For the entries below, the expected answer is the line with "Guayakí Yerba Mate", the line with "Po-Lifting Shape Oil", and every line between them, exactly as written, and nothing more.

Given records:

*** Begin section ***

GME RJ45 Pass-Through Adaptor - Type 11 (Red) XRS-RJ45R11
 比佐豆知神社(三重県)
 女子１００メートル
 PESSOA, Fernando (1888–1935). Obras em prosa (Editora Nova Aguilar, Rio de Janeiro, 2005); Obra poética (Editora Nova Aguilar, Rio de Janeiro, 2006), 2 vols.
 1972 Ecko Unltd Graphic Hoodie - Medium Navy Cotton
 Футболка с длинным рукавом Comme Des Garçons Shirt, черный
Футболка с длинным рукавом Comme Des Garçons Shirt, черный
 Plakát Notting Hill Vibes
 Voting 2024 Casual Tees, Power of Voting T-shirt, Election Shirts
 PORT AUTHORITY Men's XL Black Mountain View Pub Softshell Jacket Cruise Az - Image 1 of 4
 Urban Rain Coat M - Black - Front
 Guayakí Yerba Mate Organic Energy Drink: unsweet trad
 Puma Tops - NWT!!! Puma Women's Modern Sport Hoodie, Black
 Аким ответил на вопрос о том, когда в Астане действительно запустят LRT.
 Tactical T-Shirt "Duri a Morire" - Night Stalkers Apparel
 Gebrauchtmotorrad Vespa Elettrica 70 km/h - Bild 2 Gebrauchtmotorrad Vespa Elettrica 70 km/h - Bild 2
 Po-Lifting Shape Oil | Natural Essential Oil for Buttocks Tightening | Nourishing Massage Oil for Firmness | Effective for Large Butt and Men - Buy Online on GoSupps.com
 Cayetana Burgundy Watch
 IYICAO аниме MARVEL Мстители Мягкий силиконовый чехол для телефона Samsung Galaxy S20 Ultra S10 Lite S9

*** End section ***

Solution for this task:
 Guayakí Yerba Mate Organic Energy Drink: unsweet trad
 Puma Tops - NWT!!! Puma Women's Modern Sport Hoodie, Black
 Аким ответил на вопрос о том, когда в Астане действительно запустят LRT.
 Tactical T-Shirt "Duri a Morire" - Night Stalkers Apparel
 Gebrauchtmotorrad Vespa Elettrica 70 km/h - Bild 2 Gebrauchtmotorrad Vespa Elettrica 70 km/h - Bild 2
 Po-Lifting Shape Oil | Natural Essential Oil for Buttocks Tightening | Nourishing Massage Oil for Firmness | Effective for Large Butt and Men - Buy Online on GoSupps.com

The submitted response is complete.